▶ What you will do:
What you should repeat is the run of lines from the top of the listing below through the line with "Welcome to the Interval", exactly, with no pictures.
↓
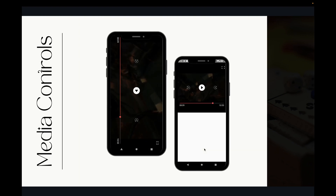As you can see on the screen, we will create media controls like the landscape mode button, the forward and backward button for 15 seconds, the play/pause button, the progress bar at the bottom, and the timing of the video and the current time.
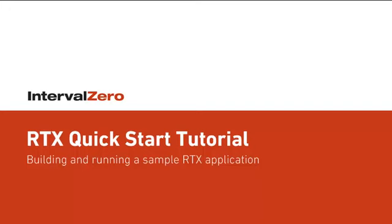Welcome to the Interval Zero RTX Quick Start Tutorial. In this video we will show how RTX integrates with Microsoft Visual Studio, create and build a sample RTX application, and run the application in the RTX subsystem.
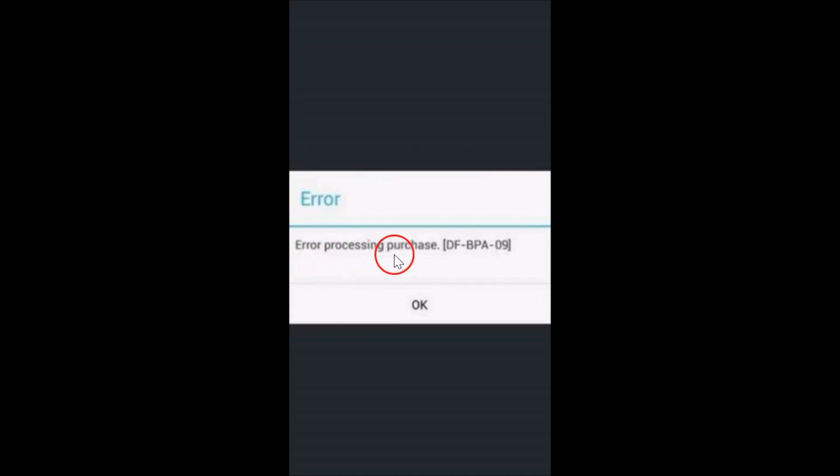Hi guys, in this tutorial I'm going to show you how we can fix the error we get on Google Play Store while trying to download an app or purchase an app. The error is: error processing purchase DF-BPA-09. I'm going to show you how to fix that in this tutorial.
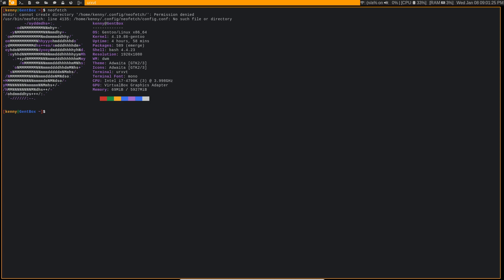So now that we understand what the root of the problem is, I'm going to show you how to fix it. So first, log into your Gentoo system as root, or if you're already logged in, do su to become root.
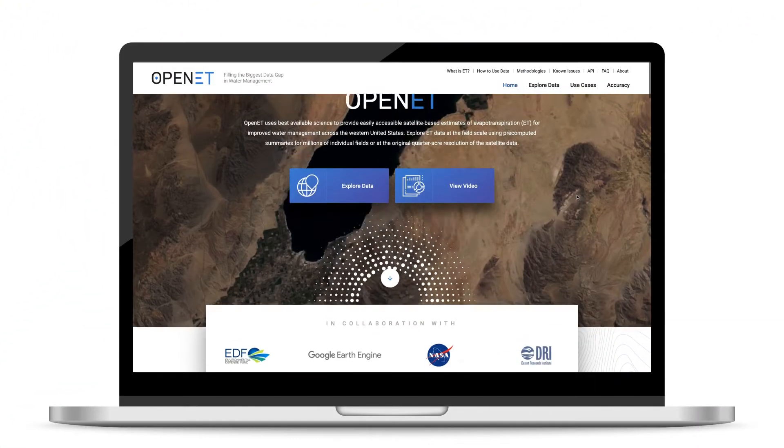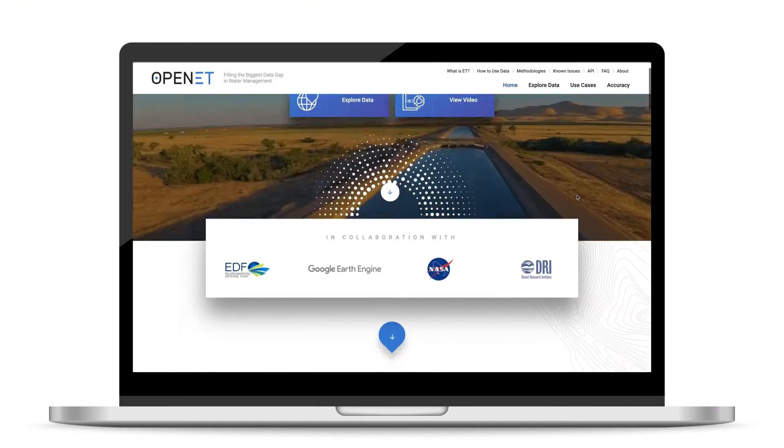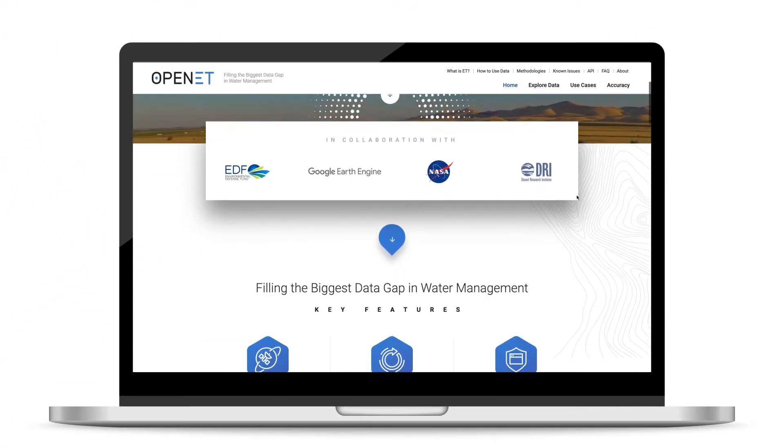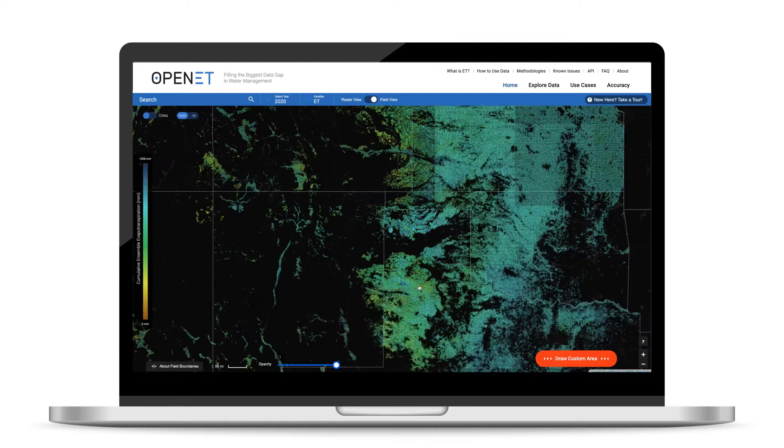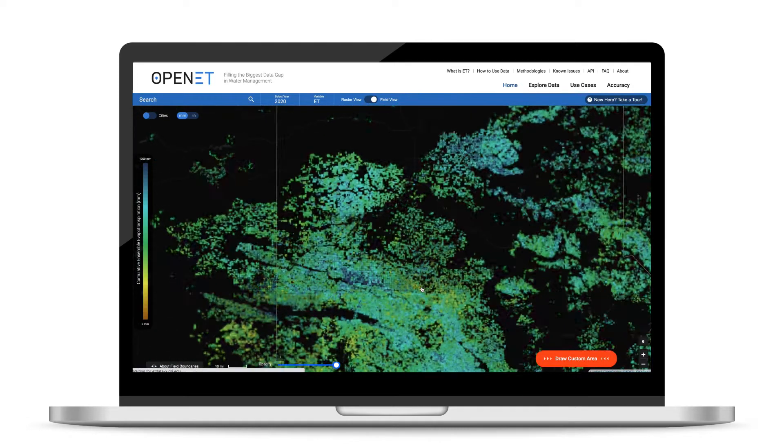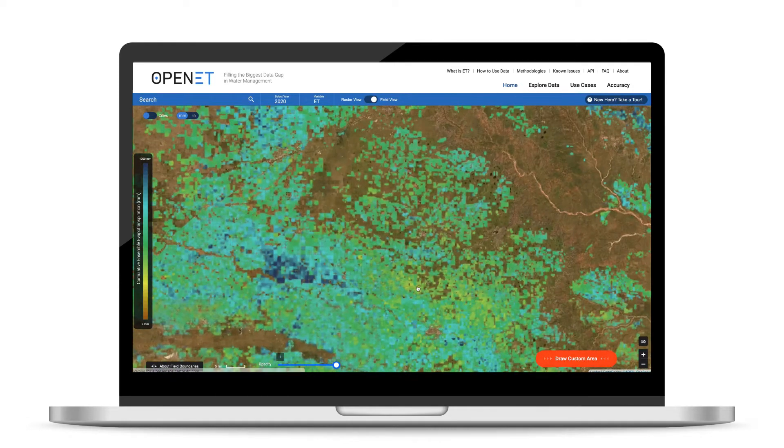Because of this, ET data can be used by farmers and water managers to create accurate water budgets at farm, water district, and watershed scales.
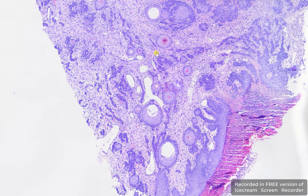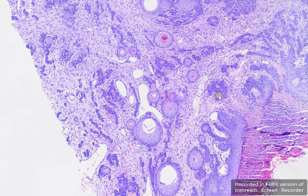These are biopsy samples from the oral cavity of a female poodle dog. There is no history of the age of this dog, and this sample was diagnosed as a squamous cell carcinoma. Here are a few characteristics of the squamous cell carcinoma of this dog.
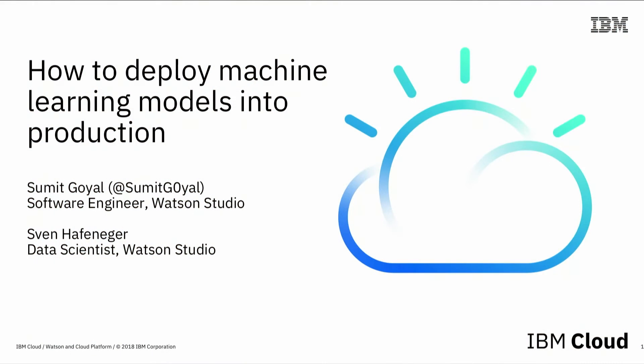Hi, everyone. Welcome to the talk, How to Deploy Machine Learning Models into Production. Thanks for stopping by.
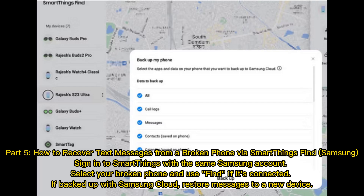Part 5: How to recover text messages from a broken phone via SmartThings Find for Samsung. Sign in to SmartThings with the same Samsung account, select your broken phone, and use Find if it's connected. If backed up with Samsung Cloud, restore messages to a new device.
↑
▶ Answer:
As you can see on the screen, we will create media controls like the landscape mode button, the forward and backward button for 15 seconds, the play/pause button, the progress bar at the bottom, and the timing of the video and the current time.
Welcome to the Interval Zero RTX Quick Start Tutorial. In this video we will show how RTX integrates with Microsoft Visual Studio, create and build a sample RTX application, and run the application in the RTX subsystem.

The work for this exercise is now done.